To summarise; the Iron Druid Chronicles are quite an entertaining series but with a few flaws. Sometimes you get the feeling it tries too hard to make you laugh. I think this is probably a lot easier to deal with in the books where you can skim over bits, but when you’re listening to the audiobook you’re forced to hear every line of Atticus trying to speak as a lolcat to a vampire, and man is that awkward.

But the flaws shouldn’t stop you. It is a lot of fun and it’s nice to dive straight into the, pretty much non-stop, action. The world is interesting and the characters are fun. And even though there are a couple of bits that I found awkward, which were few and far between to be fair, I also found that I went through the first few books like nobody’s business and that is always a very good sign. So definitely check it out if you enjoy urban fantasy

Review: Gospel of Loki

Okay, first off, this isn’t a bad thing, but a lot of the time sentences would jump out at me in Tom Hiddleston’s voice. It was pretty cool.

Anyway, so what’s this book! It’s The Gospel of Loki by Joanne M. Harris, the first person retelling of Norse mythology, with Loki as the main character, straight from the horse’s mouth (and that’s not just a phrase in this case!).

Before we get onto the story, writings and characters themselves I just want to make a quick comment about how the book itself. I can be a bit of a nerd for how books look and feel, I think that can really bring a book together. Even if the writing is phenomenal but it looks like something a dolphin’s sat on when it was waiting for the bus then it’s going to put me off.

Thankfully, there was no dolphin. The title and look of this book work very well together. I very much like the juxtaposition of the title; The Gospel of Loki, as he is a well known fiendish liar, and yet here we have his gospel, his truthful word.

Just lovely

Equally the cover illustration is exquisite. The bold lines and solid colours of the illustration is reminiscent of a stained glass window. The illustration draws upon many elements of the story to provide a wonderfully diverse colour scheme across the cover. All in all a brilliant design for this book.

But anyway onto the actual work.

So we follow Loki all the way from his origins in the very heart of chaos right up until Ragnarok, with all the highs, lows and middle-y bits that go with it.

At first I found it slightly jarring at times that the language was quite colloquial, that sort of thing doesn’t happen so often in an epic fantasy tale. It was slightly odd to read a sentence or a piece of dialogue with the gods talking to frost giants or something similar when the dialogue read; “Okay, just, like, calm down!” Alright it wasn’t that colloquial, but you see where I’m coming from.

But thankfully that doesn’t happen very often and once you’ve seen it happen a couple of times it actually fits in very well with the image of the cheeky and mischievous Loki with the silver tongue that I’m sure we’ve all come to know and love.

 

Cheeky devil

 

We start the story at the very beginning and get a nice overview of the characters, the setting and how everything generally works. Harris’ writing immediately puts you at your ease and lets you gently settle into how the tale is going to be told.

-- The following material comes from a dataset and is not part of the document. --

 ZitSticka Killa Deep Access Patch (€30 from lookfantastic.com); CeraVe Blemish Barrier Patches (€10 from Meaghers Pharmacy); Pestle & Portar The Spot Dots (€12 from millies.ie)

Harris very much captures the essence of the Loki character; mischievous but altogether good. It’s from the first person perspective of Loki and so comes across in pretty much all the aspects of her writing. There is never a word or phrase that doesn’t weave this image further into the book.

The storyline also presents a side of the mythology that doesn’t seem to get much of a look in nowadays. Odin is presented as a much more shady character than you would expect. This gives the book plenty of opportunity for twists and turns to keep you guessing and then keeps you guessing about guessing.

This book is very entertaining, it has all the right amounts of epic fantasy and tongue-in-cheek humour and an excellent mix of heroic and dastardly characters. Harris skillfully weaves the stereotypical evil Loki into a self-aware but misunderstood antihero with a heart of gold. Or at least a heart of fire that’s covered in gold.

I hope that you check this book out, it’s a wonderful piece by a wonderful author. Well worth your time.